The ad, for a new range of cosmetics, shows Chinese model Li Jingwen appearing, ironically, more or less sans cosmetics, with her smattering of freckles on full display. The ad prompted an outcry among Chinese social media users, who, among other things, accused the Spanish company of “uglifying” Chinese women by depicting them with freckles.

Chinese tabloid Global Times quoted one netizen as claiming that “such pictures featuring an Asian model with freckles and an expressionless pie-shaped face mislead Westerners’ impressions about Asian women and can lead to racism against Asian women.”

(Expressionless, pie-shaped face? Ouch.)

One Weibo user was indignant that “they pick[ed] a freckled face on behalf of Asian females.”

However, the backlash to the backlash appears to be prevailing in the commenter crossfire, with numerous social media users — not to mention organs of the Chinese state — coming out in support of the ad campaign.

One Twitter user asserted that, “If anyone is causing a negative view on the Chinese it is those who have been describing the model as ugly due to her freckles.”

Another asked: “Can someone explain to me why featuring a beautiful, unphotoshopped Chinese model is offensive to China?”

Yet another acknowledged Western brands’ missteps in their marketing to China — Hi, Dolce & Gabbana! — but said the latest outcry was a bit much.

“It’s one thing to be sensitive (and many Western brands are indeed tone deaf in their China communication) but this is just insecurity,” the user said.

Now, one could argue that a bunch of (mostly Western) internet users aren’t really the final arbiters of what is or is not considered offensive in China, and one would be right.

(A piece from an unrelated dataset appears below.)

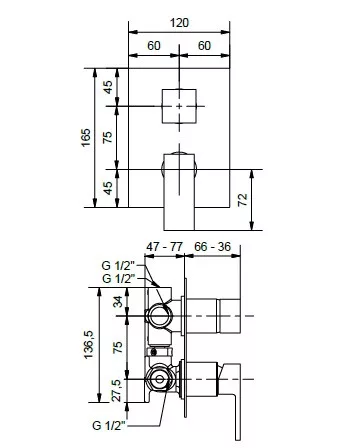 Tetris falsík alatti zuhany csaptelep 3 állású váltóval méretei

Enter China Daily, the state-run English-language newspaper, which had a message for those accusing Zara of “defaming the Chinese,” declaring in a headline, “Don’t be so sensitive!”

“It might be understandable that those who complain about Zara’s new advertisement might do so to prevent the nation’s image from being hurt,” the China Daily editorial reads. “However, their deeds show over-sensitivity and a lack of cultural confidence.”

“Cultural confidence is just being promoted by the leadership of this country, and tolerance is an essential part of it,” it continues. “Only when we learn to tolerate each other in terms of aesthetic, will cultural confidence be owned by everyone.”

The China Youth Daily, the official mouthpiece of the Communist Youth League of China, asserted that the prevalence of photo retouching apps, which make it possible to eradicate blemishes with the touch of a finger, had made it more difficult to accept natural looking skin, the Shanghai-based website SixthTone reports.

“Some people can accept Li’s unique beauty, but others interpret this as ‘humiliating China,’ and these contrasting reactions are an indictment of our ideals of feminine beauty,” the outlet was quoted as saying.

Responding to charges it had “uglified” Li, a Zara spokesperson told media outlets that the photos represented a global aesthetic, and weren’t meant to denigrate anyone.

The spokesperson added that Li “has always looked like this, her face has not been photoshopped, she was photographed naturally.”

The BBC, meanwhile, reports that the tides on Weibo have begun to shift, with many applauding Zara’s decision not to photoshop Li.

So, looks like everyone learned a valuable lesson in “cultural confidence” after all.